Proof vs. Evidence

I'm spending a lot of time grading literary analysis essays these days. In fact, at this very moment, I am avoiding the grading of literary analysis essays by writing this blog post. 

But I felt the need to do so because I keep reading sentences like this:

  • Beowulf's frequent boasting is proof of his incredible pride. 
  • These examples prove that Gatsby was indeed a tragic hero.
  • This proves that Dante wasn't trying to literally describe hell. 

In each of these examples, proof or prove is the wrong word. In fact, I'm not sure if a literary analysis paper has ever proved anything. Was Beowulf proud? Was Gatsby a tragic hero? Was Dante being allegorical? Sure. Probably. I don't know. These are subjective questions that can only be answered by speculation based on evidence. 

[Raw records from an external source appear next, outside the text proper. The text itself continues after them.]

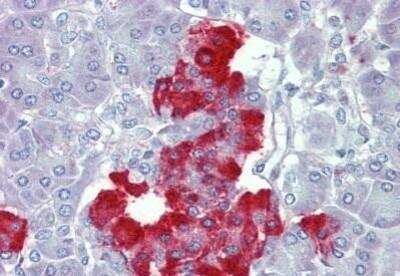 Immunohistochemistry-Paraffin: PDGF-B Antibody [NBP1-52533]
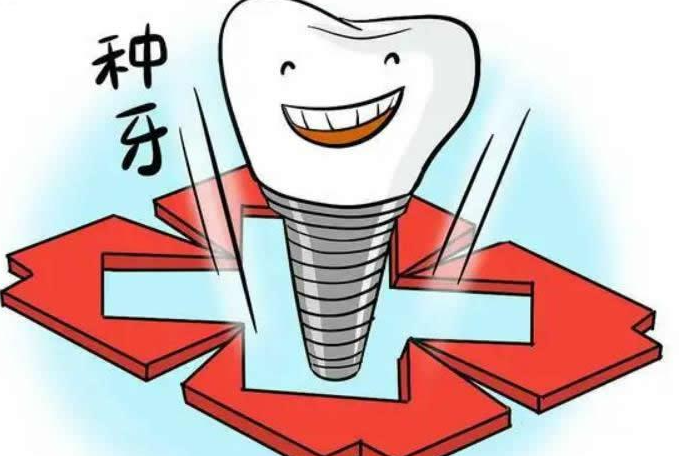【?？谥Z貝爾口腔種植牙收費(fèi)標(biāo)準(zhǔn)】其中紐白特種植牙價(jià)格2500起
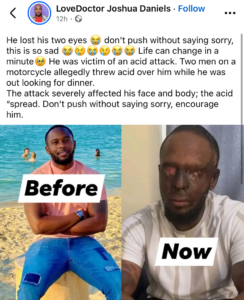 “Life can change in a minute” – Man loses both eyes after alleged acid attack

A writer of literary analysis is never asked to prove anything. They are asked to give evidence to support their claims. There's a difference. Proof requires evidence, but not all evidence constitutes proof. 

Proof is a fact that demonstrates something to be real or true. Evidence is information that might lead one to believe something to be real or true. Proof is final and conclusive. Evidence is tentative. 

A fingerprint on a gun is evidence of someone's guilt. If the murder suspect also had motive and opportunity, that's more evidence. If the investigators can put together enough evidence, they will have proof of his guilt. 

But remember, in literary writing, there's no actual murderer to be found. Literary analysis is inductive, not deductive. In a sense, you can never really prove a literary thesis. You can only provide evidence. You can only hope to show your argument to be reasonable and likely.

That's why writers of literary essays should just about always substitute the word evidence for proof. When it comes to the verb form, there are lots of options for replacing prove: indicate, demonstrate, argue, illustrate, suggest, etc. 

Relax, young literary analysts. You have nothing to prove. Literally.